Image Credit: Katie Silvester

Image Credit: Katie Silvester

YVA (pronounced Eeh-vah) is the latest musical project from artist Amy Holford who has previously released music under the name of Eva Stone. As well as touring in support of James Morrison, Paolo Nutini and George Ezra, Amy Holford has been a part of songwriter and producer Nitin Sawhney’s band. Touring with Sawhney has taken Amy to Australia, India and performing at the Royal Albert Hall on more than one occasion. Holford has contributed songwriting in Sawhney’s work and appears as a featured vocalist on his latest solo album ‘Immigrants’.

Outside of her work in music, Holford has written a novel called ‘The Dreaming Room’. I found solidarity in her piece published for dear damsels entitled ‘Growing Out Of You’, an intimate look at the daily struggles of a person suffering with anxiety and depression.

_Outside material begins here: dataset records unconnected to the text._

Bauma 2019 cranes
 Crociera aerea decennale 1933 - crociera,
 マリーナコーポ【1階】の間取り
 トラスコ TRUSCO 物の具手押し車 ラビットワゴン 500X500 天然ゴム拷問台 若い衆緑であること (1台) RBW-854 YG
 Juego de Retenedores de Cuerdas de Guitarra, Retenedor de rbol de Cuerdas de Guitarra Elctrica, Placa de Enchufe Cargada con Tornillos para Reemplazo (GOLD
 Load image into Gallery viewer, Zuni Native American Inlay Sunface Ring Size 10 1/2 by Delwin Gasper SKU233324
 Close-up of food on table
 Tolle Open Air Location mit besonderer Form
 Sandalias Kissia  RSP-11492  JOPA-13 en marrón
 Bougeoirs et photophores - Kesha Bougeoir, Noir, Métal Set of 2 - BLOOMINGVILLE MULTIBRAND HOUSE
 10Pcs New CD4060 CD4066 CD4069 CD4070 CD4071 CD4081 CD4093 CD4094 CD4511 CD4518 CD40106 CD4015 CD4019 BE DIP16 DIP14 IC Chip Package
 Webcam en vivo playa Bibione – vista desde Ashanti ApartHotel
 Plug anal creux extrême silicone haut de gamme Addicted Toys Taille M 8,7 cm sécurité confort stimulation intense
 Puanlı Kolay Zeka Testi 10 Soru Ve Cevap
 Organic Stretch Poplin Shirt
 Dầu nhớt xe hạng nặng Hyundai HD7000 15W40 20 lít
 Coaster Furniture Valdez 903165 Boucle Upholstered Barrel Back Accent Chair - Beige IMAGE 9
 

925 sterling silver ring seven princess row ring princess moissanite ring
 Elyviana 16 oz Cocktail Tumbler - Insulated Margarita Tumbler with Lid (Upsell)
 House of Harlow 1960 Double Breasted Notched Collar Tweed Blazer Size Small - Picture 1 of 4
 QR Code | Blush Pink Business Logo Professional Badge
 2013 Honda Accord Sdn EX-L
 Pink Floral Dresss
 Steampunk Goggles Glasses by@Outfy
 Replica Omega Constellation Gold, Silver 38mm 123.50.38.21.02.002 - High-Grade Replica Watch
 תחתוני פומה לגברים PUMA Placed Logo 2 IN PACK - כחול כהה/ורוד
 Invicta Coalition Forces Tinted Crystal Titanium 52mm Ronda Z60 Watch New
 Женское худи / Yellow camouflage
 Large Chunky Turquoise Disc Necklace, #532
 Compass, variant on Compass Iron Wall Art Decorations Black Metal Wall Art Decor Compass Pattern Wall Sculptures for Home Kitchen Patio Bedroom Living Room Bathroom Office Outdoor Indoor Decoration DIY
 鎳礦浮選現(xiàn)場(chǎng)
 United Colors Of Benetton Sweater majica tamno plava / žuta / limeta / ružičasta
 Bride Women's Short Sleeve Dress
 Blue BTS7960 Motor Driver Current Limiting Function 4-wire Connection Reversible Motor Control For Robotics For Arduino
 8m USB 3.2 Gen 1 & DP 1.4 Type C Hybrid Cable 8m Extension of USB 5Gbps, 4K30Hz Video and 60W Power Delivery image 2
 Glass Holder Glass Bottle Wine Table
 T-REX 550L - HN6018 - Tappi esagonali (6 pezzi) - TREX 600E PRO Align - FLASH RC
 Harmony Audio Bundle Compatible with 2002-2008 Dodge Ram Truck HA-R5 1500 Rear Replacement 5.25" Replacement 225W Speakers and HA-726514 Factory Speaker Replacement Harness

Her blog ‘The Quiet Days’ is an expansion of her non-fiction writing, with posts spanning 2016 to 2020. In a separate Instagram account from her musical work (@amyholfordwrites), Amy shares her own poetry and reviews literary works by other authors.

In early 2019, YVA put out her own arrangement of James Bay’s ‘Pink Lemonade’, with covers of ‘You Still Believe In Me’ by The Beach Boys and Villagers track ‘A Trick Of The Light’ following as the year progressed. These songs were collected into an EP called ‘Don’t Miss It’ along with the title track that summer. Further showing YVA’s diverse musical taste, she released a cover of Rose Royce’s ‘Love Don’t Live Here Anymore’ in early 2020. YVA’s first original material came in the form of ‘I Won’t Wait’, a standalone single released in May that year, with an acoustic edition closing out 2020.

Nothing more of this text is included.